Redefining Life

Rodrigo Rodrigues and Jônatas Abrahão look at so-called giant viruses – and how their unique features have forced us to reconsider whether viruses are living organisms or not

The Biologist 63(2) p12-15

Viruses were discovered towards the end of the 19th century, thanks to the pioneering studies of Louis Pasteur, and Dmitri Iwanowsky and Martinus Beijerinck's separate work on tobacco mosaic disease.

They were first defined as nanoscopic filterable agents with a maximum size of about 200nm.

In 1957, André Lwoff published a paper[1] on the basic features for an organism to be considered a virus: infectious; potentially pathogenic; but presenting only one kind of nucleic acid, DNA or RNA; unable to grow and replicate by binary fission, and lacking its own metabolic machinery.

Viruses have also traditionally been considered a group of polyphyletic microorganisms (having many origins) and kept out of the tree of life. Are all these definitions still valid to virologists and biologists today? A discovery in 2003 changed most of them.

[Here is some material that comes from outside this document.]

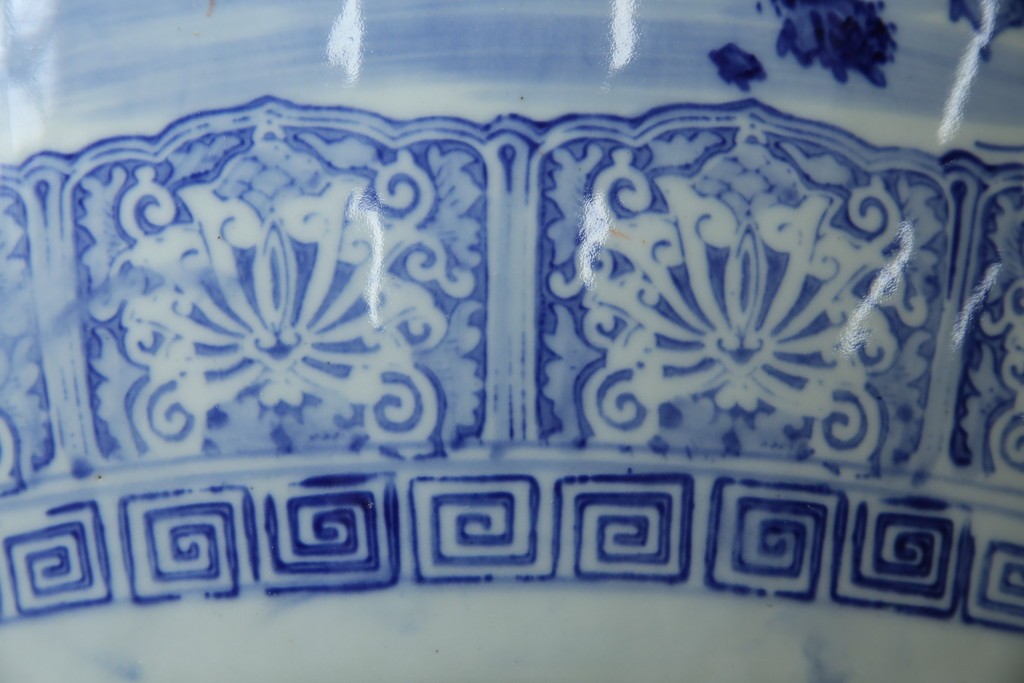 和製ヴィンテージ　山水の図　藍色の濃淡で表現された図が魅力的な瀬戸火鉢　(R-084731)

The year was a milestone for virology. A new virus, called Acanthamoeba polyphaga mimivirus, was the first of many pathogens to be discovered that are now known as giant viruses.

The history of giant viruses began in 1992, in Bradford, England. Researchers were working on a pneumonia outbreak and in their search for pathogenic microorganisms they found an organism similar to a Gram-positive coccus, isolated in a culture of the amoeba Acanthamoeba polyphaga in a water sample from a hospital cooling tower. The pathogen, named Bradfordcoccus, was impossible to label with classical techniques for bacterial identification.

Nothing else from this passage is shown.